== Segment start ==
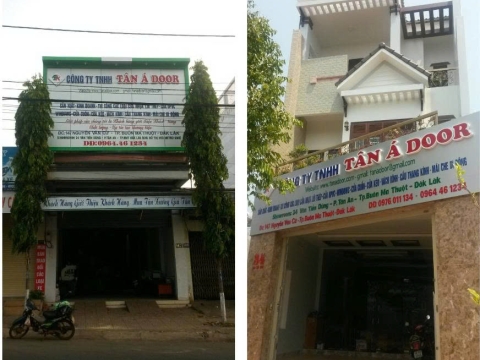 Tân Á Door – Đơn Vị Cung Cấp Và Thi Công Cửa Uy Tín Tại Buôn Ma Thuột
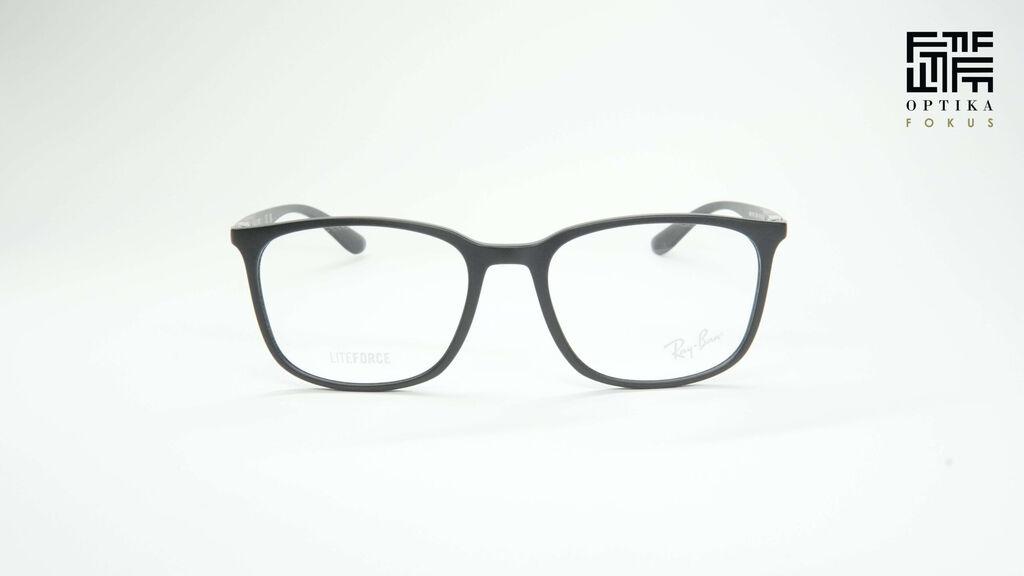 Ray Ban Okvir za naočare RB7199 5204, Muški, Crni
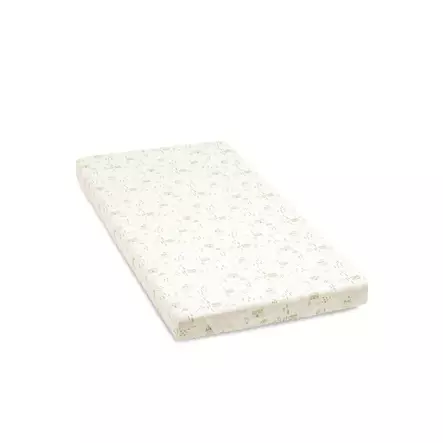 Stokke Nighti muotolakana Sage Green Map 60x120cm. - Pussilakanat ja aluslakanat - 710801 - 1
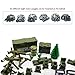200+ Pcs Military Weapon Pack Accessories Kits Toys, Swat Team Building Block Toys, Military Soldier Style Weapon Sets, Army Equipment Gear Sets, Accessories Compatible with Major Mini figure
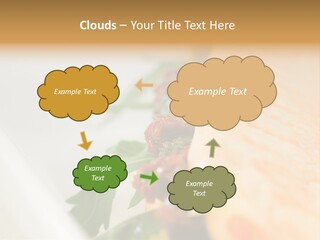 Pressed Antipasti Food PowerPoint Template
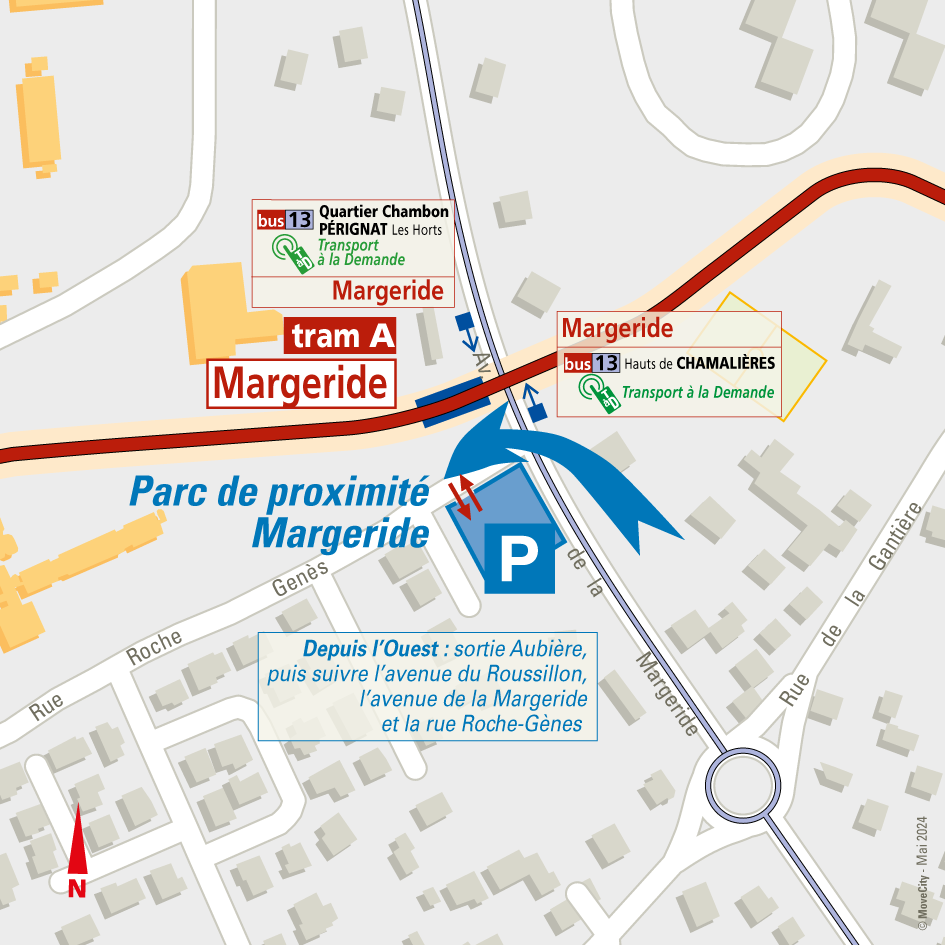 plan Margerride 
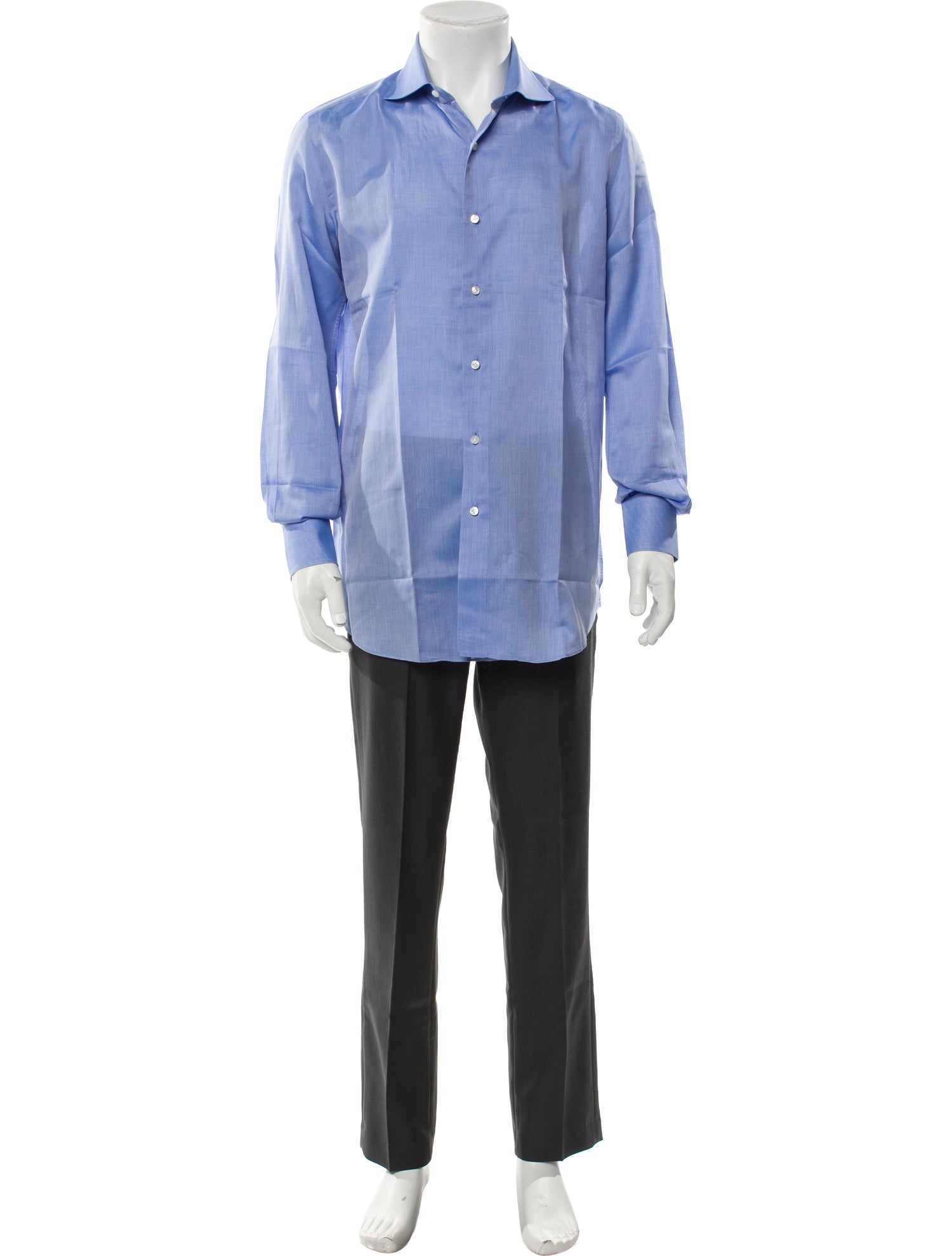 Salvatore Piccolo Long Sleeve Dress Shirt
== Segment end ==
Give the data again exactly as it stands, apart from the pictures.

 Tân Á Door – Đơn Vị Cung Cấp Và Thi Công Cửa Uy Tín Tại Buôn Ma Thuột
 Ray Ban Okvir za naočare RB7199 5204, Muški, Crni
 Stokke Nighti muotolakana Sage Green Map 60x120cm. - Pussilakanat ja aluslakanat - 710801 - 1
200+ Pcs Military Weapon Pack Accessories Kits Toys, Swat Team Building Block Toys, Military Soldier Style Weapon Sets, Army Equipment Gear Sets, Accessories Compatible with Major Mini figure
 Pressed Antipasti Food PowerPoint Template
 plan Margerride 
 Salvatore Piccolo Long Sleeve Dress Shirt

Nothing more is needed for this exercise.